The full listing, word for word and free of images, is the expected result.

• [INFORMATION SHOWN]:
[Start of section]

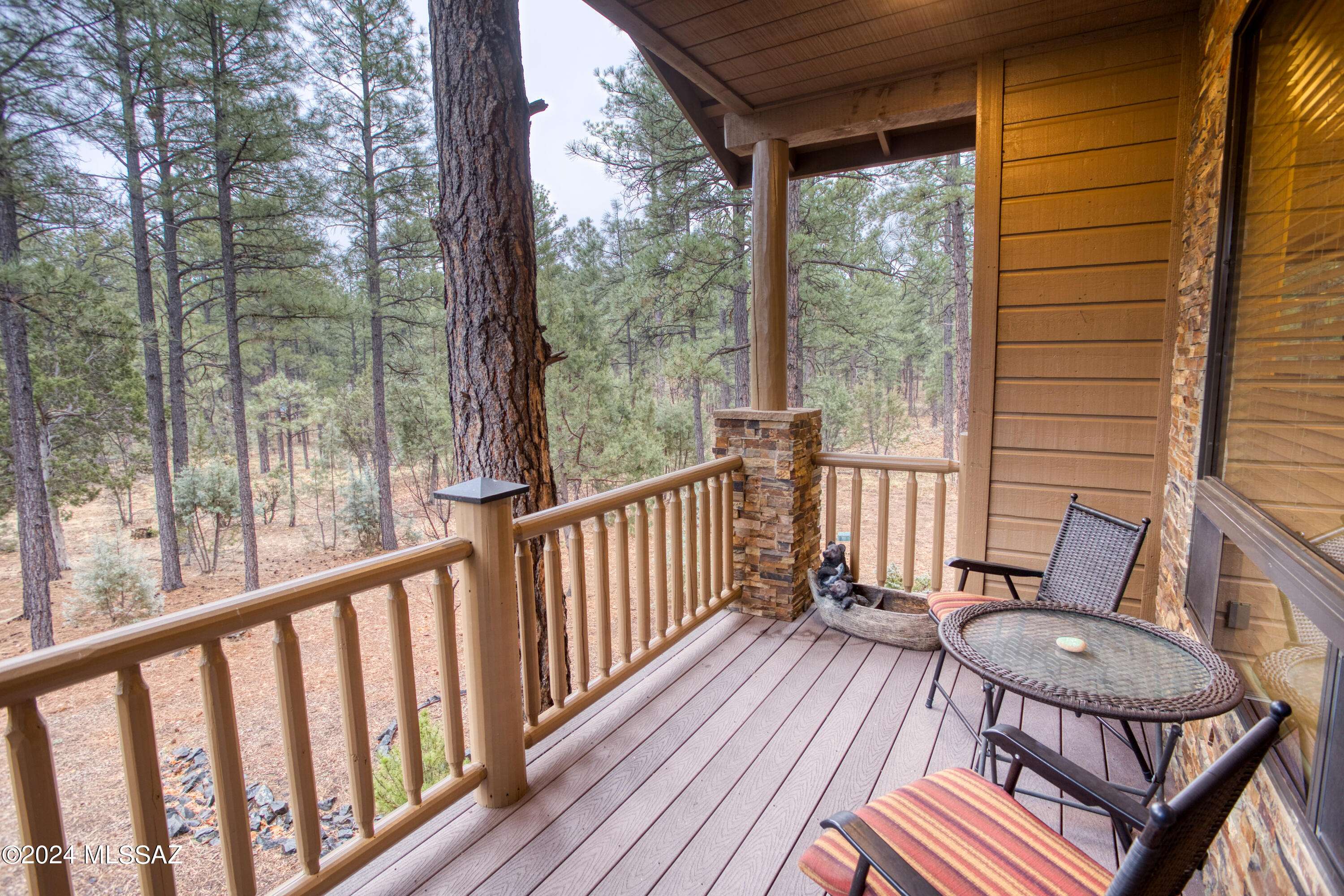 Show Low, AZ 85901,3240 W Black Oak Loop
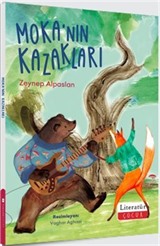 Moka'nın Kazakları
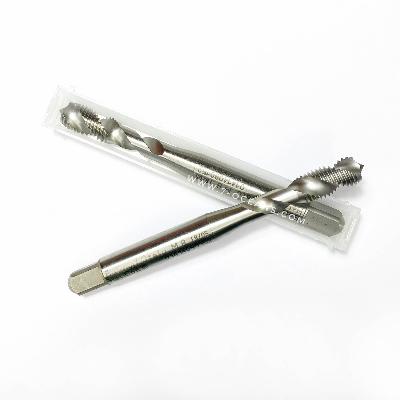 Helicoil Taps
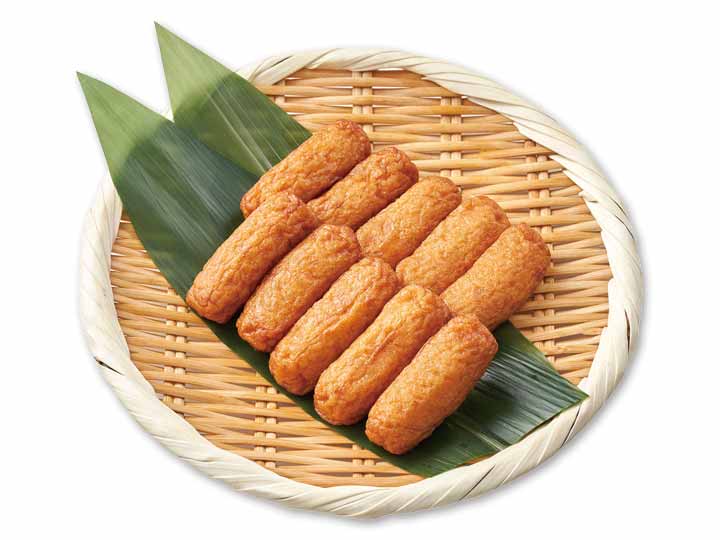 【ＢＢ半額！】さつま揚げ（上棒天）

[End of section]

• [FINAL ANSWER]:
 Show Low, AZ 85901,3240 W Black Oak Loop
 Moka'nın Kazakları
 Helicoil Taps
 【ＢＢ半額！】さつま揚げ（上棒天）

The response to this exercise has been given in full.